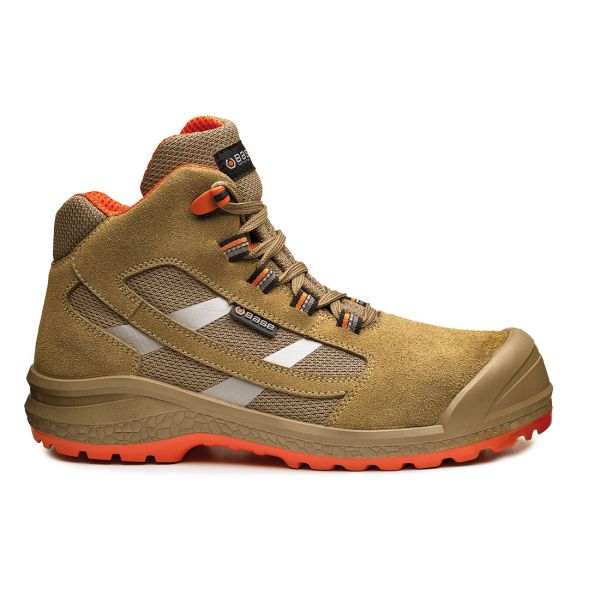 Be-Moon Top S1P SRC Beige/Orange -  B0877 - Safety Boot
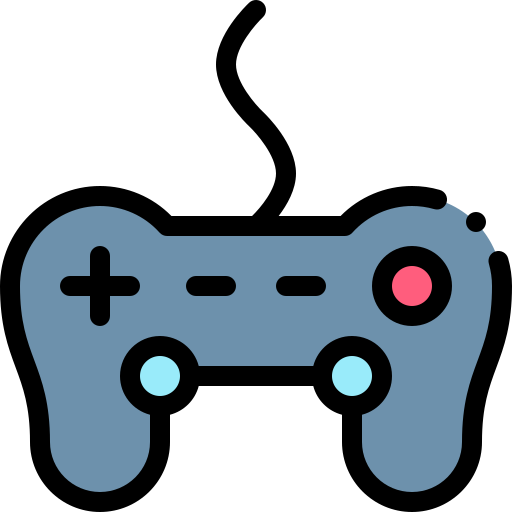 Gamepad Detailed Rounded Lineal color icon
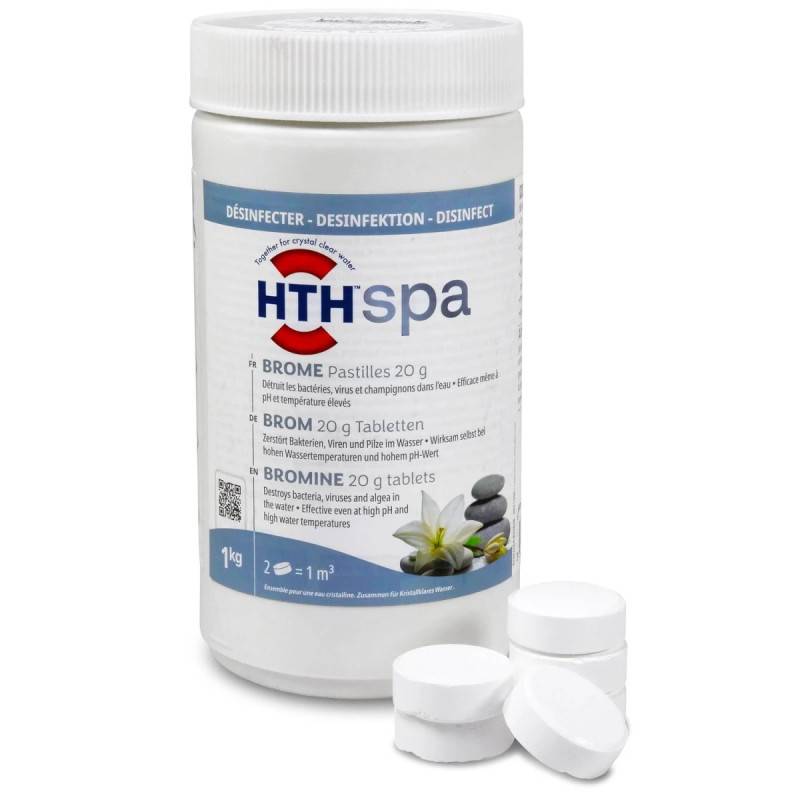 Brome HTH Spa désinfection régulière pastilles 20 g. - 1 kg - 1 kg - Imagen 1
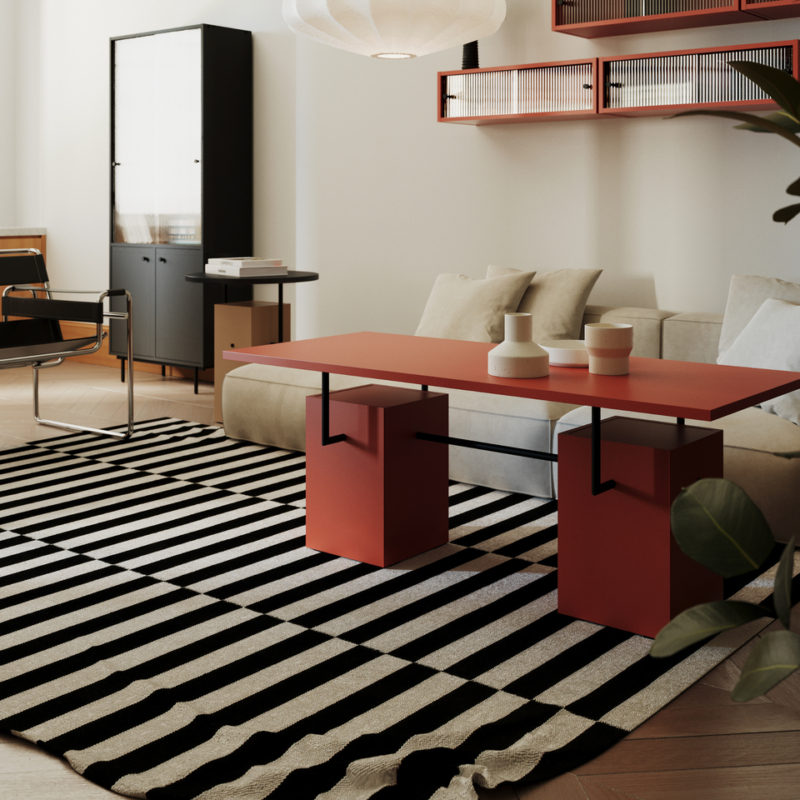 Diivanilaud ARROCCO musta sõrmejäljekindla kattega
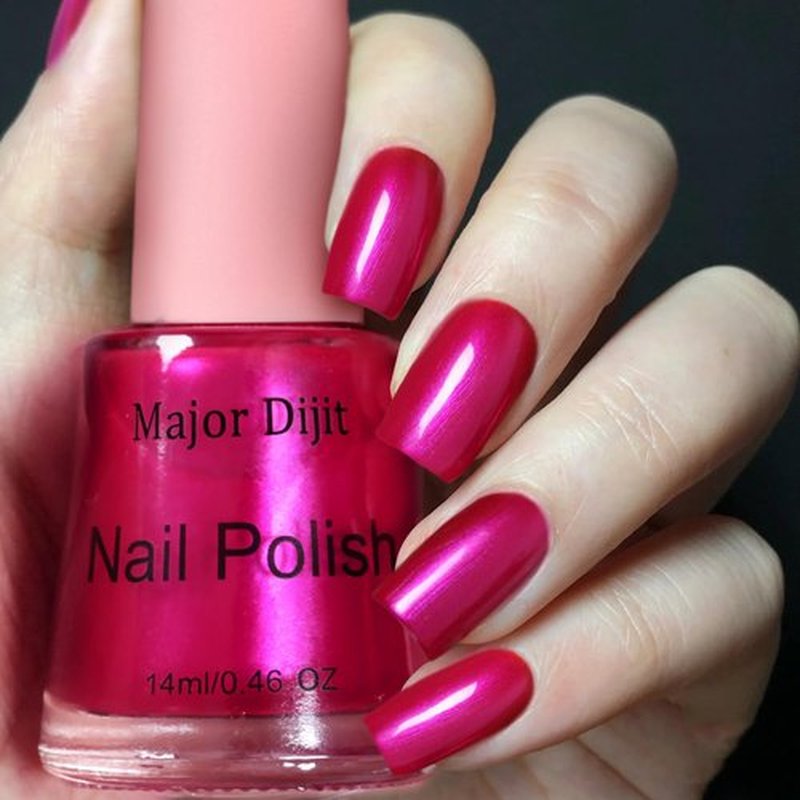 Major Dijit Quick Dry Nail Polish Crimson Popular Nail Lacquer for Nail Art Regular Nail Polish 0.46 fl oz.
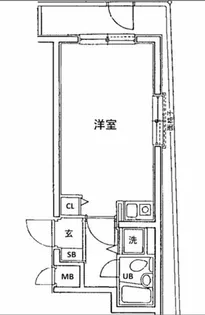 メインステージ新宿【1階】の間取り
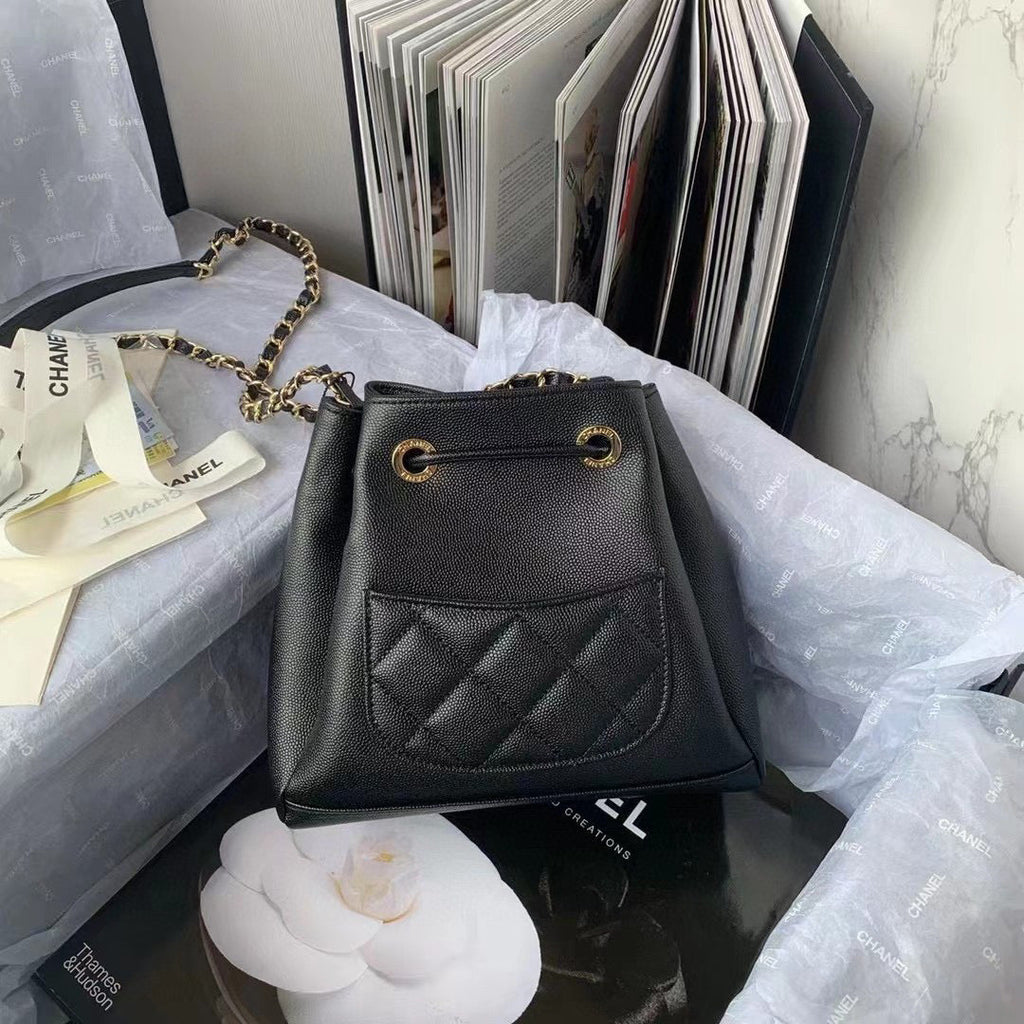 Chanel AS2318 Backpack Always Miss Him Calfskin in Black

* [Problem details]:
Output exactly the lines from the one containing "Diivanilaud ARROCCO musta" through the last line of the records above, both included, leaving out any pictures.

* [Your solution]:
 Diivanilaud ARROCCO musta sõrmejäljekindla kattega
 Major Dijit Quick Dry Nail Polish Crimson Popular Nail Lacquer for Nail Art Regular Nail Polish 0.46 fl oz.
 メインステージ新宿【1階】の間取り
 Chanel AS2318 Backpack Always Miss Him Calfskin in Black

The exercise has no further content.